Friday, February 5, 2010

Efficient at what?

The primary problem is people misinterpreting and overinterpreting EMH, often as not its proponents as its opponents. It actually says very little. Like Yglesias, if it were called the unpredictable market hypothesis, it would likely both be more widely accepted and less controversial. The problem is efficiency is equated to rationality but if markets were rational prices would not be subject to tectonic changes, nor would they vary widely from fundamentals. Markets may be efficient at reflecting our beliefs but our beliefs are not necessarily rational. Often people interpret it as markets may not be efficient but they tend towards efficiency (rationality). Yes, markets can stay and increase their irrationality longer than you can stay solvent, and when everyone is being irrational, there is efficiency in being irrational.
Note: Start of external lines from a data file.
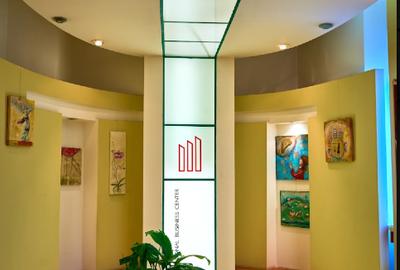 Birou, de 377.23001098633 mp, în Universitate - 10
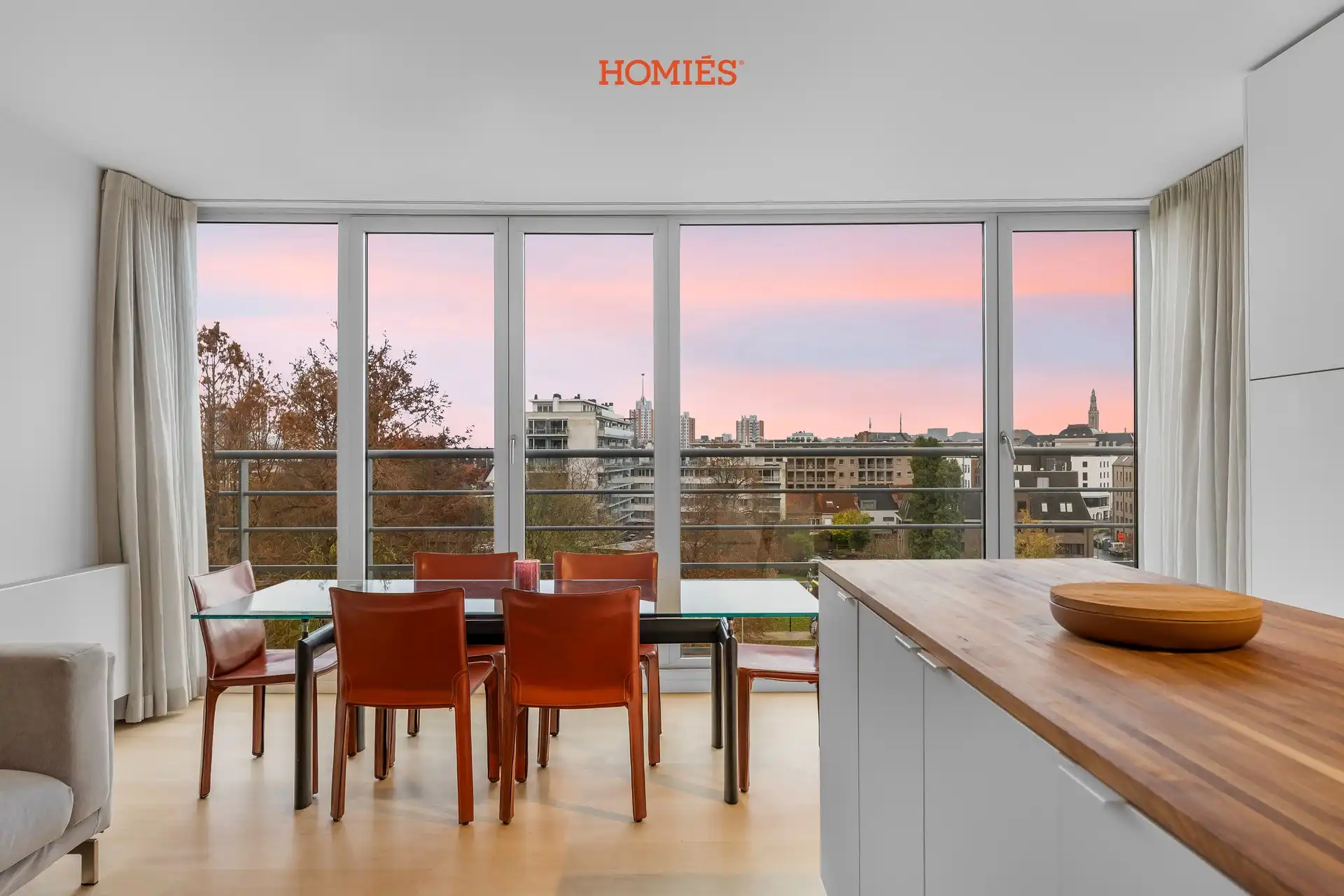 Gerenoveerd éénslaapkamerappartement met prachtig stadszicht foto 3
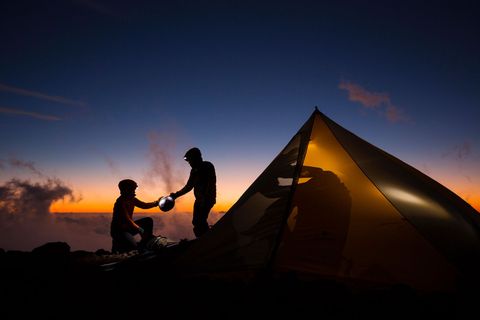 Twee kampeerders maken zich op voor een zomeravond in het skioord La Parva Gelegen aan de voet van de gondelbaan Las guilas biedt het resort het hele jaar door avontuurlijke accommodaties waaronder een kampeerterrein met water en elektriciteit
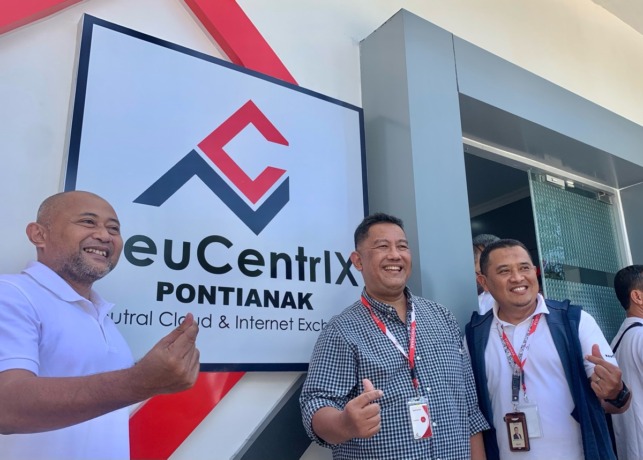 Direktur wholesale & international service Bogi Witjaksono berfoto didepan neuCentrIX Pontianak. foto Shando Safela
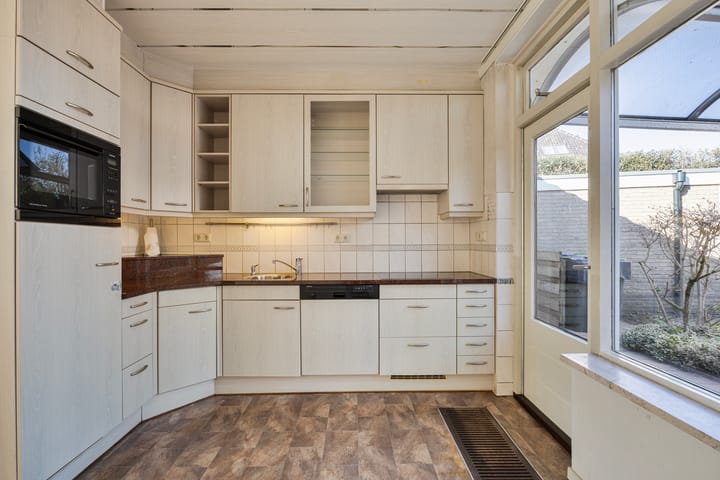 Foto 4 van Agnietenlaan 1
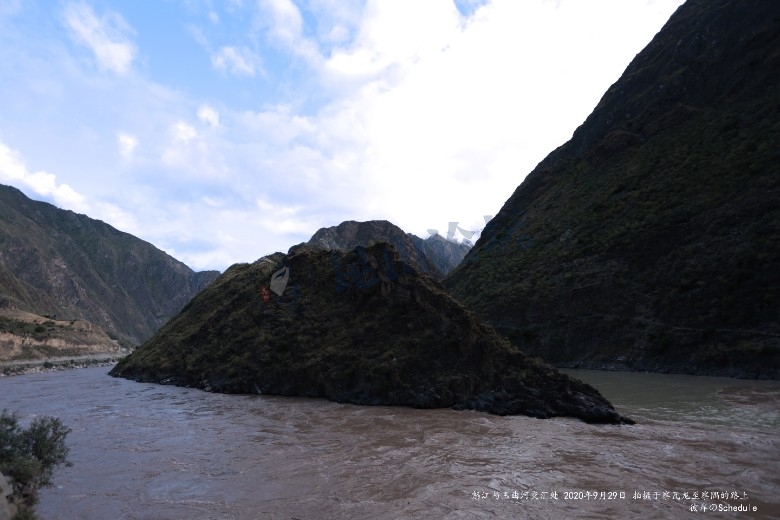 一个人的进藏之旅,一个人一台车旅游的视频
If one interprets information in an objective sense, then efficiency would imply rationality, but if one interprets it as future expectations, and especially as expectations of others expectations, then there can be no objectivity nor rationality because we are not considering the past but the future, all information concerns the past, and we are free to imagine any possible future. As future becomes past these expectations can swing wildly and imaginations can trample the hardiest of fundamentals. Imaginations are free to soar and plummet even as fundamentals keep us tethered to the realities of the past. Markets are efficient at reflecting our hopes and skepticism, greed and fear, dreams and nightmares.